[lttng-dev] Userspace RCU: workqueue with batching, cheap wakeup, and work stealing

Thu Oct 23 09:06:04 EDT 2014

----- Original Message -----
> From: "Lai Jiangshan" <laijs at cn.fujitsu.com>
> To: "Mathieu Desnoyers" <mathieu.desnoyers at efficios.com>
> Cc: "Ben Maurer" <bmaurer at fb.com>, "lttng-dev" <lttng-dev at lists.lttng.org>, "Yannick Brosseau" <scientist at fb.com>,
> "Paul E. McKenney" <paulmck at linux.vnet.ibm.com>, "Stephen Hemminger" <stephen at networkplumber.org>
> Sent: Thursday, October 23, 2014 12:26:58 AM
> Subject: Re: Userspace RCU: workqueue with batching, cheap wakeup, and work stealing
> 
> Hi, Mathieu

Hi Lai,

> 
> In the code, how this problem be solved?
> "All the tasks may continue stealing works without any progress."

Good point. It is not. I see two possible solutions for this:

1) We break the circular chain of siblings at the list head.
   It has the downside that work could accumulate at the first
   worker of the list, or
2) Whenever we grab work (either from the global queue or from
   a sibling), we could dequeue one element and keep it to ourself,
   out of reach of siblings. This would ensure progress, since
   worker stealing work would always keep one work element to itself,
   which would therefore ensure progress.

I personally prefer (2), since it has fewer downsides.

> 
> Why ___urcu_steal_work() needs cds_wfcq_dequeue_lock()?
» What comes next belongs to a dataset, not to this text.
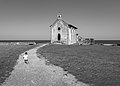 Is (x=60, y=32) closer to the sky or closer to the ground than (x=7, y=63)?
closer to the sky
This lock is to protect operations on the sibling workqueue.
Here are the various actors touching it:

- The worker attempting to steal from the sibling (with splice-from),
- The sibling itself, in urcu_dequeue_work(), with a dequeue
  operation,

Looking at the wfcq synchronization table:

 * Synchronization table:
 *
 * External synchronization techniques described in the API below is
 * required between pairs marked with "X". No external synchronization
 * required between pairs marked with "-".
 *
 * Legend:
 * [1] cds_wfcq_enqueue
 * [2] __cds_wfcq_splice (destination queue)
 * [3] __cds_wfcq_dequeue
 * [4] __cds_wfcq_splice (source queue)
 * [5] __cds_wfcq_first
 * [6] __cds_wfcq_next
 *
 *     [1] [2] [3] [4] [5] [6]
 * [1]  -   -   -   -   -   -
 * [2]  -   -   -   -   -   -
 * [3]  -   -   X   X   X   X
 * [4]  -   -   X   -   X   X
 * [5]  -   -   X   X   -   -
 * [6]  -   -   X   X   -   -

We need a mutex between splice-from and dequeue since they
are executed by different threads. I can replace this with
a call to cds_wfcq_splice_blocking() instead, which takes the
lock internally. That would be neater.

> 
> It is not a good idea for a worker to call synchronize_rcu() (in
> urcu_accept_work()).
> A new work may be coming soon.

The reason why the worker calls synchronize_rcu() there is to protect
the waitqueue lfstack "pop" operation from ABA. It matches the RCU
read-side critical sections encompassing urcu_dequeue_wake_single().

Another way to achieve this would be to grab a mutex across calls to
urcu_dequeue_wake_single(), but unfortunately this call needs to be
done by the dispatcher thread, and I'm trying to keep a low-latency
bias in favor of the dispatcher here. In this case, it is done at the
expense of overhead in the worker when the worker is about to busy-wait
and eventually block, so I thought the tradeoff was not so bad.

Thoughts ?

Thanks for the feedback!

Mathieu

> 
> thanks,
> Lai
> 

-- 
Mathieu Desnoyers
EfficiOS Inc.
http://www.efficios.com